Compatibility and performance bottleneck analysis and solutions for self-managed ClickHouse migration to ApsaraDB for ClickHouse - ApsaraDB for ClickHouse

After you migrate data from a self-managed ClickHouse cluster to the cloud, you may encounter compatibility and performance issues. To ensure a smooth migration, we recommend running this analysis in a test environment before switching production traffic.

Background information

Self-managed ClickHouse clusters migrated to ApsaraDB for ClickHouse may encounter the following issues:

Version compatibility issues:
- MaterializedMySQL engine compatibility issues
- SQL compatibility issues
CPU resources exhausted and memory insufficient after migrating to ApsaraDB for ClickHouse

To resolve these issues, focus on compatibility and performance during the migration.

This guide covers:

Parameter compatibility — compare settings between clusters and align them
MaterializedMySQL compatibility — handle engine differences after migration
SQL compatibility verification — batch-test your existing queries against the new cluster
Performance bottleneck analysis — locate the tables and queries causing CPU or memory issues
SQL optimization — apply targeted fixes after identifying the root cause

Compatibility analysis

Parameter compatibility

Run this query on both your self-managed cluster and your ApsaraDB for ClickHouse cluster to export all configuration parameters:

SELECT
    name,
    groupArrayDistinct(value) AS value
FROM clusterAllReplicas(`default`, system.settings)
GROUP BY name
ORDER BY name ASC

Then use a diff tool (such as VS Code's built-in file comparison) to identify mismatches. For any parameter that differs, update the ApsaraDB for ClickHouse cluster to match the self-managed cluster's value.

Parameters that affect compatibility:

compatibility
prefer_global_in_and_join
distributed_product_mode

Parameters that affect performance:

max_threads
max_bytes_to_merge_at_max_space_in_pool
prefer_global_in_and_join

MaterializedMySQL compatibility

If your self-managed cluster synchronizes data from MySQL using the MaterializedMySQL engine, be aware of how ApsaraDB for ClickHouse handles this after migration.

The community version of the MaterializedMySQL engine is no longer maintained. ApsaraDB for ClickHouse uses Data Transmission Service (DTS) to sync MySQL data instead. DTS creates a ReplacingMergeTree local table on each cluster node and a distributed table that routes writes to those nodes — replacing the MaterializedMySQL table entirely.
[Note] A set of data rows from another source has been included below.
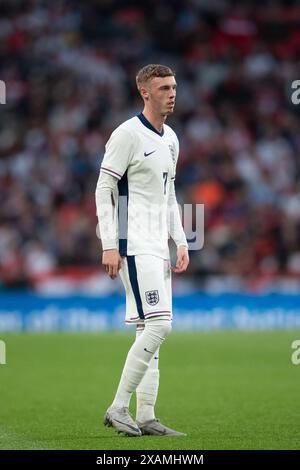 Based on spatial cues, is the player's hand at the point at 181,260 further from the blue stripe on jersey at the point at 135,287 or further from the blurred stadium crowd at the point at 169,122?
the blurred stadium crowd at the point at 169,122

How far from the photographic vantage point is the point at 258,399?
1014 cm

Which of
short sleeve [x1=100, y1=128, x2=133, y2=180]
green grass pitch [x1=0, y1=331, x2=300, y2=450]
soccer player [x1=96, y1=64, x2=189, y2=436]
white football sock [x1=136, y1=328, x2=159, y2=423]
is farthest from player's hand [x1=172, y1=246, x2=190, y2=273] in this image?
A: green grass pitch [x1=0, y1=331, x2=300, y2=450]

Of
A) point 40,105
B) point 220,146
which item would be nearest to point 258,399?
point 220,146

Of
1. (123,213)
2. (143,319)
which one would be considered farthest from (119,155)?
(143,319)

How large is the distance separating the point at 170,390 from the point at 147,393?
3.17 metres

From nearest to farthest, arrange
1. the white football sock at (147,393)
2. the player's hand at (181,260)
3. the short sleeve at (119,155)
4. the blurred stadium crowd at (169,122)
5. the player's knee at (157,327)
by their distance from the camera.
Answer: the player's knee at (157,327) → the short sleeve at (119,155) → the white football sock at (147,393) → the player's hand at (181,260) → the blurred stadium crowd at (169,122)

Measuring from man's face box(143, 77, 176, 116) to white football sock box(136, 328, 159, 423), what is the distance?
5.14ft

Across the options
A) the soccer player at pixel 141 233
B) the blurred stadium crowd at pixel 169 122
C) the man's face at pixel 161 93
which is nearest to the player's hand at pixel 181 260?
the soccer player at pixel 141 233

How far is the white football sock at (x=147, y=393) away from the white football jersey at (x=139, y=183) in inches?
24.4

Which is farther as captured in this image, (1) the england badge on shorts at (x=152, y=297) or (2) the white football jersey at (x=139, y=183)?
(2) the white football jersey at (x=139, y=183)

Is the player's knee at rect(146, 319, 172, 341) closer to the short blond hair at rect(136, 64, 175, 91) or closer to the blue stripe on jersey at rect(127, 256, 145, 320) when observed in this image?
the blue stripe on jersey at rect(127, 256, 145, 320)

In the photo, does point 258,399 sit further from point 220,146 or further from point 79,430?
point 220,146

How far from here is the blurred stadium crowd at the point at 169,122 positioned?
63.5 ft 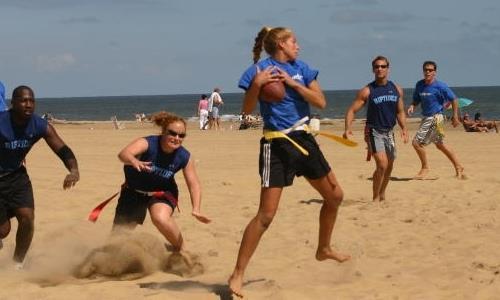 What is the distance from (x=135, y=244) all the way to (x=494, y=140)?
1678 cm

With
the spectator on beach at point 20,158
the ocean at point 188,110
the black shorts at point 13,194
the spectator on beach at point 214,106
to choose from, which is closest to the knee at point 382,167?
the spectator on beach at point 20,158

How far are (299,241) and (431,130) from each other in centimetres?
541

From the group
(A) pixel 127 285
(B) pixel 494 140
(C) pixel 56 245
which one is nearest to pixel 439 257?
(A) pixel 127 285

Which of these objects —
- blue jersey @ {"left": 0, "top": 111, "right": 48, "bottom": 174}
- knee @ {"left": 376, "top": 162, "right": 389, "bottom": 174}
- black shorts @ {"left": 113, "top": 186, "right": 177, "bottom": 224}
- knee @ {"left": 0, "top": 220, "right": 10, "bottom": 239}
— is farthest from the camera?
knee @ {"left": 376, "top": 162, "right": 389, "bottom": 174}

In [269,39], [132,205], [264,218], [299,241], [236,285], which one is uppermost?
[269,39]

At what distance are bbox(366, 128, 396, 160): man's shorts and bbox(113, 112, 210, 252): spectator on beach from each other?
3915 millimetres

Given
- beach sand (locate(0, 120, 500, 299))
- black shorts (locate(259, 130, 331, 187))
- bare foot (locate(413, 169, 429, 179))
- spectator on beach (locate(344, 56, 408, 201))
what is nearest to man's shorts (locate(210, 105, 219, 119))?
beach sand (locate(0, 120, 500, 299))

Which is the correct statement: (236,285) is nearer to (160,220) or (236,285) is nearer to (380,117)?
(160,220)

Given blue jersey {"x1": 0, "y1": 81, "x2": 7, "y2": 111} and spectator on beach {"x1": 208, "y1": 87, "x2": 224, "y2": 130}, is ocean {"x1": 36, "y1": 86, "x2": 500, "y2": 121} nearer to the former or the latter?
spectator on beach {"x1": 208, "y1": 87, "x2": 224, "y2": 130}

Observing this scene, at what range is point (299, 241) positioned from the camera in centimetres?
793

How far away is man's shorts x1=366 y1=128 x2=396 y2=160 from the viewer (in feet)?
32.8

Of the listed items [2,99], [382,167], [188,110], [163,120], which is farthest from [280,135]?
[188,110]

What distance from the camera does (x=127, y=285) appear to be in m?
6.03

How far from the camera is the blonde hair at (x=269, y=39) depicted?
18.2 ft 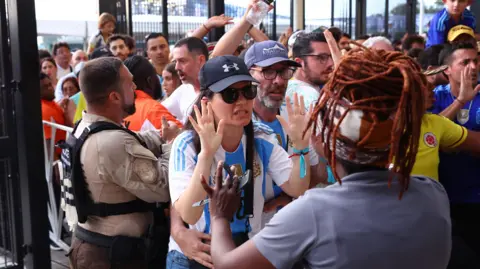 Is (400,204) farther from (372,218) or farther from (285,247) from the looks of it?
(285,247)

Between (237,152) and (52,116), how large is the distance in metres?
3.70

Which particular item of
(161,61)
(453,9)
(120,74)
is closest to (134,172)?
(120,74)

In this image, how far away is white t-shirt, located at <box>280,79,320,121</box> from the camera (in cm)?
377

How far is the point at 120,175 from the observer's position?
3.10 metres

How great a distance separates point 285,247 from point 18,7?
117 inches

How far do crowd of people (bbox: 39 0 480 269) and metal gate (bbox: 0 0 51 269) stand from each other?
0.69 metres

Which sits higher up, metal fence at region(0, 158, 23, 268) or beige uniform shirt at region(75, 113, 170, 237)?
beige uniform shirt at region(75, 113, 170, 237)

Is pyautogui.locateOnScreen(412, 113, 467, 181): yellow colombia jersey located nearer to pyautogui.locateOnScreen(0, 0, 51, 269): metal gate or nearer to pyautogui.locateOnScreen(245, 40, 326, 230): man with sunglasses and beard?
pyautogui.locateOnScreen(245, 40, 326, 230): man with sunglasses and beard

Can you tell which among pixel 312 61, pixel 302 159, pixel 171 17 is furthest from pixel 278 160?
pixel 171 17

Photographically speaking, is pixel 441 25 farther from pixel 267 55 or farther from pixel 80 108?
pixel 80 108

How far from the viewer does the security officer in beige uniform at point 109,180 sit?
123 inches

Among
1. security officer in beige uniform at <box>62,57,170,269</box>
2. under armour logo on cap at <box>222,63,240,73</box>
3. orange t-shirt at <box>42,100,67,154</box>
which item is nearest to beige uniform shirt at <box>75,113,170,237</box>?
security officer in beige uniform at <box>62,57,170,269</box>

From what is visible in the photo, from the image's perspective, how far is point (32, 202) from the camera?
4078 millimetres

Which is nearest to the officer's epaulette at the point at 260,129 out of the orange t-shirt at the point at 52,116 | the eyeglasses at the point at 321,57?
the eyeglasses at the point at 321,57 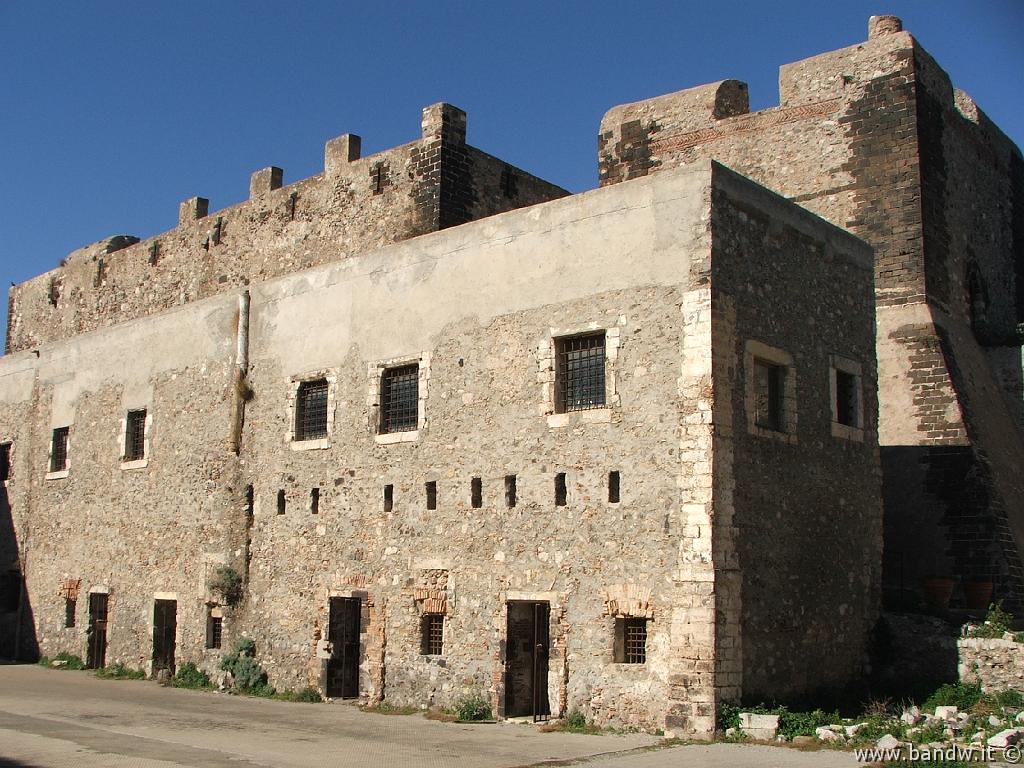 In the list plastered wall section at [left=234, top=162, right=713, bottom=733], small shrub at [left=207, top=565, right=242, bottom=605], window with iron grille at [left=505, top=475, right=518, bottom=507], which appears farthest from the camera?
small shrub at [left=207, top=565, right=242, bottom=605]

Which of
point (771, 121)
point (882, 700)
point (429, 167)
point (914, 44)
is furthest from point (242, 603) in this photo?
point (914, 44)

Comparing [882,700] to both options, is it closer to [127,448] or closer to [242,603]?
[242,603]

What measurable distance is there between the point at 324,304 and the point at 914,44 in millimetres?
10926

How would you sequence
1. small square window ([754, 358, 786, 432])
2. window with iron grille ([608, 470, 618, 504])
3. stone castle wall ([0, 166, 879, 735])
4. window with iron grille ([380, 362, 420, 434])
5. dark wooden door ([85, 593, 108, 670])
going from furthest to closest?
dark wooden door ([85, 593, 108, 670]) < window with iron grille ([380, 362, 420, 434]) < small square window ([754, 358, 786, 432]) < window with iron grille ([608, 470, 618, 504]) < stone castle wall ([0, 166, 879, 735])

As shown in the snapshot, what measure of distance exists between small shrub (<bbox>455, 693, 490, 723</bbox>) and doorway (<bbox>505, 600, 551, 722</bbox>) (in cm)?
30

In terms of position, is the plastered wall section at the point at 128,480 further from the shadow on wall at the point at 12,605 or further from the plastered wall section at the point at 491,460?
the plastered wall section at the point at 491,460

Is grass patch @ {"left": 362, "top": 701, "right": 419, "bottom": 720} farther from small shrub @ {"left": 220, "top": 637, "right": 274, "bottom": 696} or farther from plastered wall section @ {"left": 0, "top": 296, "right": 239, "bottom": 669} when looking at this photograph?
plastered wall section @ {"left": 0, "top": 296, "right": 239, "bottom": 669}

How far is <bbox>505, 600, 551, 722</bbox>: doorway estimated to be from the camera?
45.7 ft

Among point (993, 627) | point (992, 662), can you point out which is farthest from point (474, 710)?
point (993, 627)

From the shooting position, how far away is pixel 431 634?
592 inches

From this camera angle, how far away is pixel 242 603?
57.9 feet

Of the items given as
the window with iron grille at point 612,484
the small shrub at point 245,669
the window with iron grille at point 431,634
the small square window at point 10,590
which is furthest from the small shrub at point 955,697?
the small square window at point 10,590

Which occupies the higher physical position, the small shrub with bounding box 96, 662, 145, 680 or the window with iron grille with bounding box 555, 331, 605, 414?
the window with iron grille with bounding box 555, 331, 605, 414

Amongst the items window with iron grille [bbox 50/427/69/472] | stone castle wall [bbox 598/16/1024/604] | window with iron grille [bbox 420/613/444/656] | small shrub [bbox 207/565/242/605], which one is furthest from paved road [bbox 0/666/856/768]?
window with iron grille [bbox 50/427/69/472]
This architectural change causes two common issues:

Issue 1: IN and JOIN queries break on the distributed table

In the self-managed cluster, MaterializedMySQL replicates data to each shard directly. After migration, data flows through a distributed table, which changes how IN and JOIN subqueries resolve. For details and fixes, see What do I do if an error occurs when I use a subquery on a distributed table?.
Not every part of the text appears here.